第41回全国短歌大会大会賞を受賞して以降、精力的に活動を続ける歌人・木下龍也さんが読者の短歌にコメントをする連載『短歌組手』。毎週金曜日夜に更新をしていきます。短歌の応募もぜひお願いします。
〈読者の短歌〉
真夜中に「自戒を込めて」と書く人の他戒のみしか込められてなさ
(カラスノ/女性/自由詠)
〈木下さんのコメント〉
自戒を込めて掲載いたします。
〈読者の短歌〉
買ったものだけ捨てられるコンビニで捨てたいためのチューハイ開ける
(神戸麻衣/女性/テーマ「コンビニ」)
〈木下さんのコメント〉
味わうためでも酔うためでもなく捨てるため。それは「チューハイ」にとって最も不本意な終わりかただ。でも、自分の支配下にある何かを最もひどいやりかたで犠牲にしなければ、自分を犠牲にしてしまいそうになるくらいつらい日が、たぶんあるのだろう。
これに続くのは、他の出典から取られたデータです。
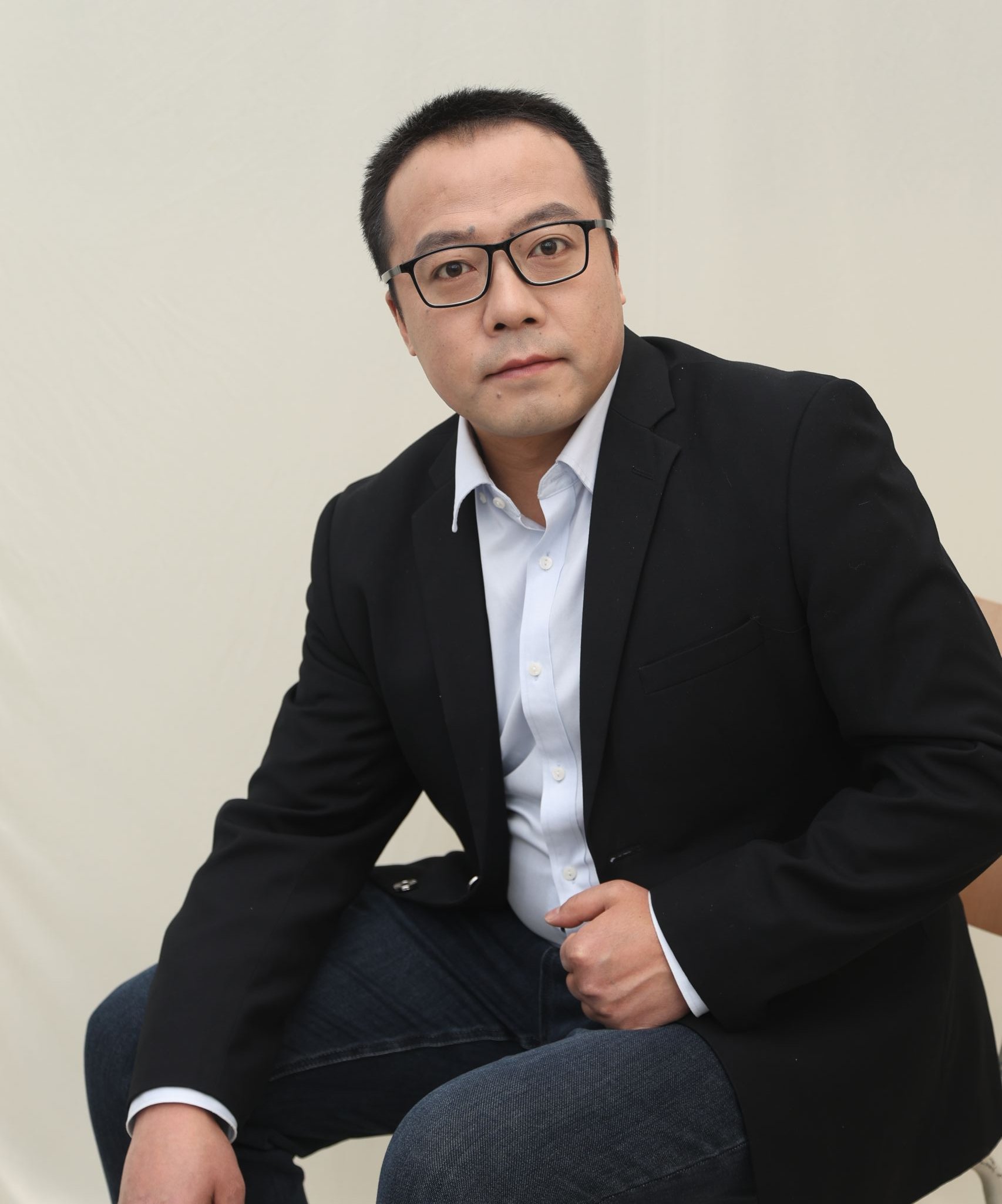 曹文斌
「捨てたいためのチューハイ」は新鮮な響きだった。
〈読者の短歌〉
来世でもきみと暮らすよきみがもし人間ならば僕が犬だよ
(犬口マズル/テーマ「犬」)
〈木下さんのコメント〉
人と人、あるいは犬と犬に生まれ変わって「きみ」と深くわかり合いたいと願ってしまいそうになる。けれど犬と人は違う種族だからこそ、言葉が通じないからこそ、わからない部分も許せてちょうどいい距離感で長く共存できているのかもしれない。そんなことを思わせてくれる1首でした。散歩している犬とおじさんも前世では逆だったのかなと思うとマスクの下で口角が上がります。